Este era um concerto muito incomum porque ao invés de usarem os costumeiros trajes escuros, os quais para os homens são os smokings e para as mulheres os longos, os músicos fantasiaram-se como personagens de filmes famosos, até mesmo o maestro! O garoto ficou maravilhado com a surpresa e, enquanto os músicos aguardavam a entrada do regente, ele tentava adivinhar qual personagem cada fantasia se referia. E quando finalmente o maestro chegou, a primeira música que ele regeu foi aquela que todos conhecemos e que é a abertura de todos os filmes. O garoto se viu num sonho acordado, seus olhos brilhavam de encantamento.
Para cada música tocada o maestro tinha o cuidado de apresentá-la previamente ao público, algumas eram consagradas peças de música clássica e outras recriações inspiradas em músicas conhecidas. Alguns dos filmes o garoto nunca ouvira falar em sua vida, pois não eram do seu tempo, outros eram recentes e os seus preferidos. Entretanto, todas possuíam a mesma coisa incomum, segundo as próprias palavras do garoto, eram todas lindas! Nossa, ele nunca reparou como a música do E.T. fosse tão maravilhosa e a do Super-homem tão impressionante. A do Harry Potter ele não reconheceu a principio, mas depois a achou linda demais. Enquanto o garoto escutava encantado com tanta beleza, a música clássica ia cuidando de lavar de sua memória as lembranças ruins do filme do dia anterior, sim, porque a música clássica é uma das maiores invenções do ocidente e é a única expressão da criação humana capaz de nos transportar para algo próximo ao paraíso, caso este realmente existisse.

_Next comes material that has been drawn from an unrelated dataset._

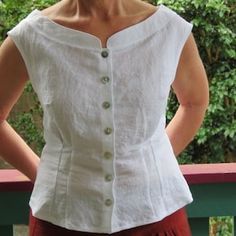 Vintage Style Blouses, Sixties Style, Cotton Tops Designs, Sixties Fashion, Kurti Neck Designs, Retro Tops, Linen Clothing, Mode Vintage, Pearl Buttons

Ao final do concerto, o garoto estava feliz e o seu espirito em estado de contemplação. Anunciou decidido à mãe que queria ser um maestro quando crescesse, ao que ela lhe respondeu dizendo para ele aprender a tocar algum instrumento antes e lhe perguntou qual ele mais gostava e ele respondeu satisfeito e alegre: o violino!

Rio Vermelho, 19 de janeiro de 2013.